Puerto Rico at the Dawn of the Modern Age: Nineteenth - and Early-Twentieth-Century Perspectives
Historical Research: Obtaining Historical Data
When and why did the United States express an interest in Cuba and Puerto Rico? To what extent was the concept of manifest destiny a factor in American interests? To what extent was sugar cane a factor in promoting U.S. annexation of Puerto Rico?

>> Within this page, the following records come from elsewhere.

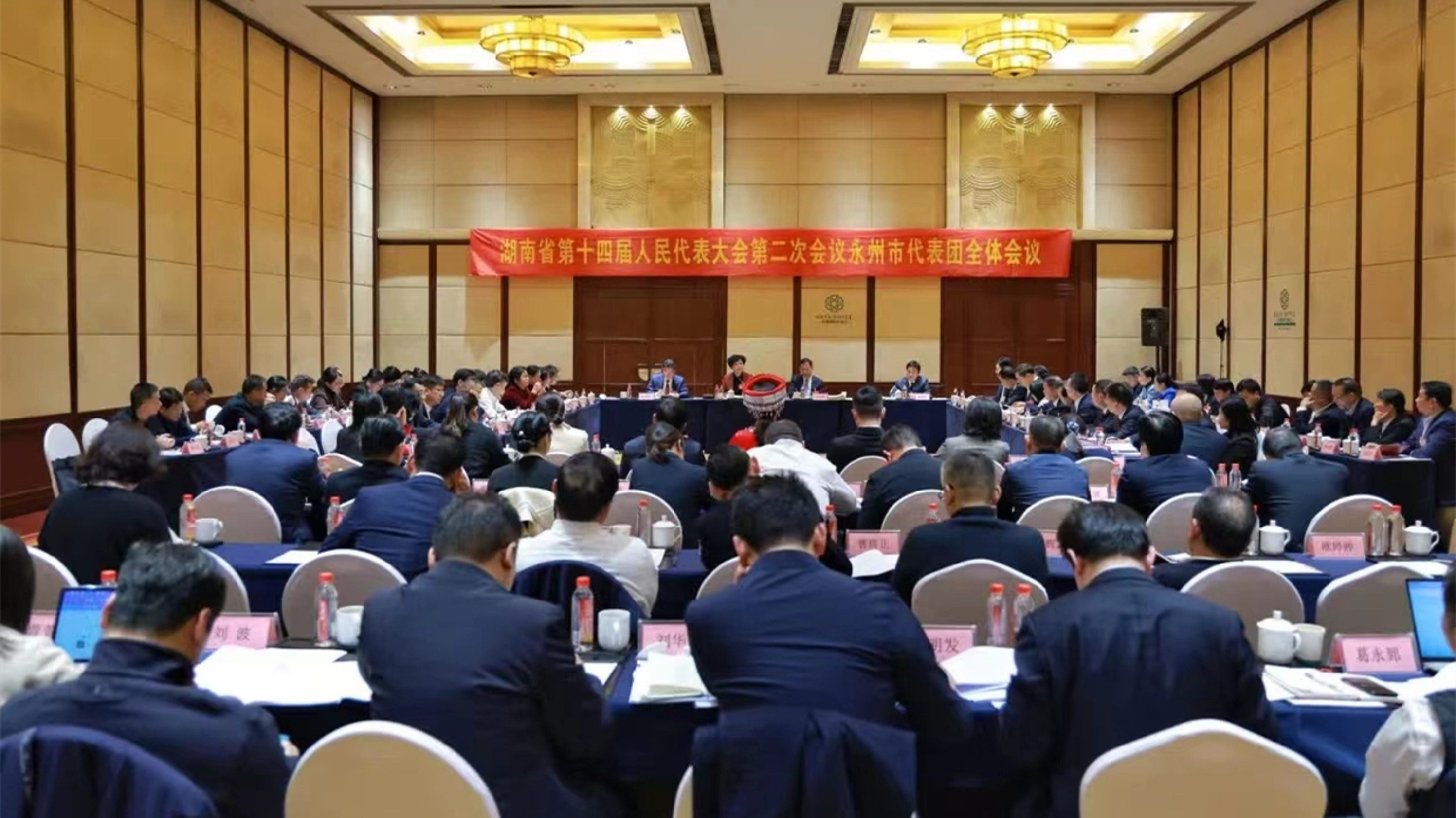 永州代表團提交全團建議：支持永清廣高鐵和國能永州電廠二期建設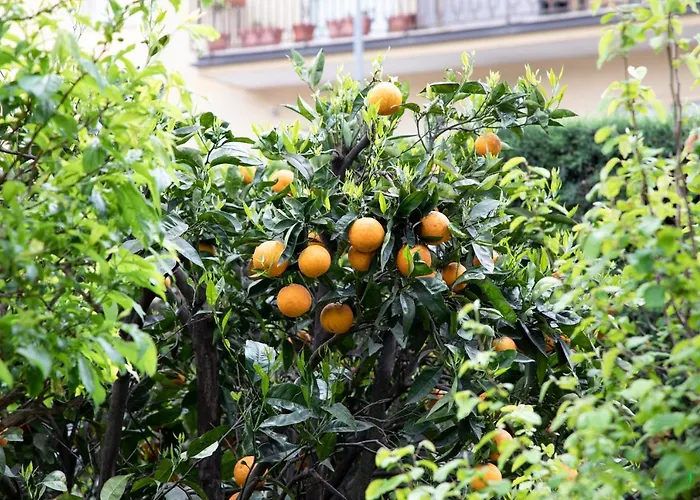 Bed and Breakfast L' albero di giada Caserta
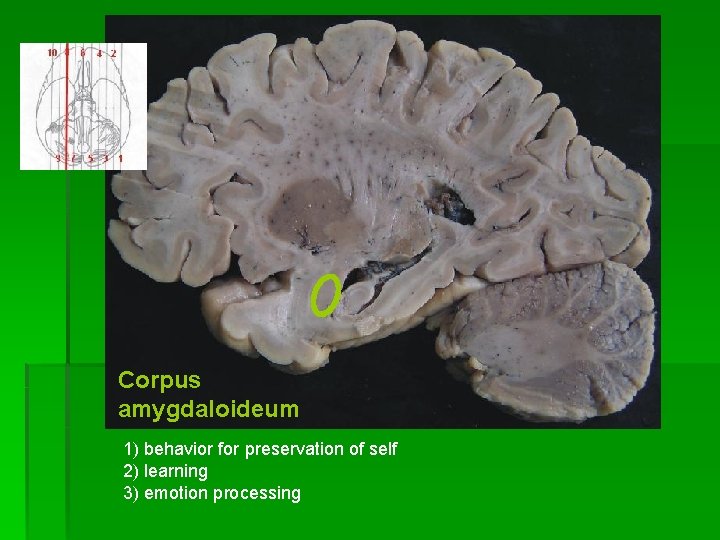 Corpus amygdaloideum 1) behavior for preservation of self 2) learning 3) emotion processing 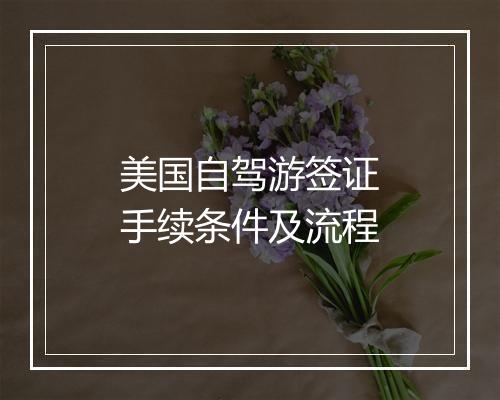 美国自驾游签证手续条件及流程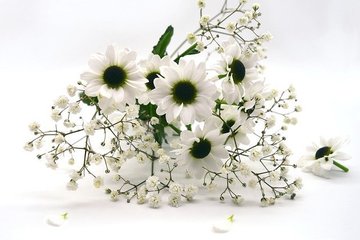 chrysanthemums-white-gf4bcd2c40_640.jpg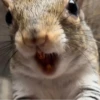 squirrels 20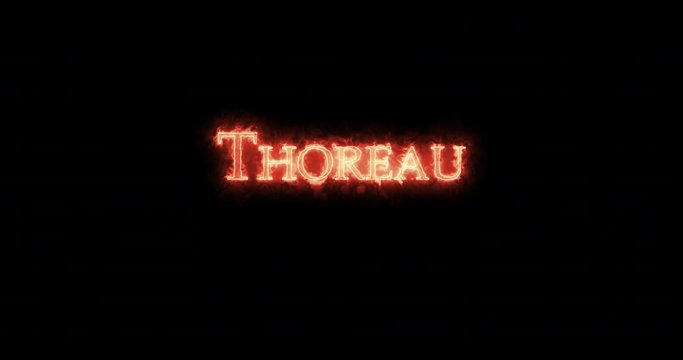 Thoreau written with fire. Loop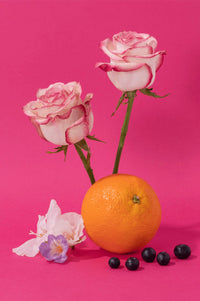 Compagnie de Provence Wild Rose Hand Cream - The Mercantile London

How might you go about answering these questions? Obviously, you will need historical data from a variety of sources. Begin by tracing the history of Puerto Rico from the independence movements in Latin America in the 1820s to the annexation of the island by the United States following the Spanish-American War. Use sources from the collection, as well as other sources, to determine why the United States was willing to have Spain maintain its control over Cuba and Puerto Rico following the revolutions of the early nineteenth century. Consider how the Monroe Doctrine applied to Cuba and Puerto Rico. One potential source of information is A Century of Lawmaking, 1774-1873. If you search the collection using Puerto Rico as your search term, you will find such documents as "The Journal of the Senate of the United States, January 16, 1826," which includes several references to the Panama Congress called by Simón Bolivar. A search of Nineteenth-Century Periodicals, will provide information on the role missionaries played in the Americanization of Puerto Rico, as well as the debate about how the possessions gained through the Spanish-American War fit into the framework provided by the U.S. Constitution.